Now, let's say that the first several numbers to occur in this document are the numbers 7, 1998, 3, and 18; and let's say that the three occurs on the 40th page. If you define gimme_the_values to use yield, you can stop generating that "list" at page 40 — you'll never even scan for and return the the 18. However, if gimme_the_values returns a list instead of yielding, you have to scan every page, and generate the whole list, even though you really only need the first 3 in this case.

jpaugh
  • 6,634
  • 4
  • 38
  • 90
0

This may be useful for text processing.

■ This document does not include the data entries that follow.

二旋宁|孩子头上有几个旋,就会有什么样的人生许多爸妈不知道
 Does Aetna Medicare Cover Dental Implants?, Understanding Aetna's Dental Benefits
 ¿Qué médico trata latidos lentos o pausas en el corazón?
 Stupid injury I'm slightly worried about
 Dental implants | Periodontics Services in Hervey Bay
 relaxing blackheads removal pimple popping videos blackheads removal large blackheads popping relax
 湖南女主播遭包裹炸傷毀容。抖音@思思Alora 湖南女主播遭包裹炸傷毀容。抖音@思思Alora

If you have a larg corpus and you want to normalize the characters in the text, you apply a normalize function for every text for example.

You would like a function that loads a text just when you are going to use it and not the complete corpus because it may be too large for your computer.

Example:

from lxml import etree

def get_data(data_directory, parser):
    for filename in os.listdir(data_directory):
        if filename.endswith("xml"):
            tree = etree.parse(os.path.join(data_directory, filename), parser=parser)
            yield tree.getroot()
        else:
            print("None")
    return None

You have a directory where all your files are. You want to parse only the XML files.

You can do such processing with a yield statement as if you loaded all your data:

for root in get_data(DATA_DIRECTORY, parser):
    result = process(root)
    save_result(result)
clemsciences
  • 121
  • 9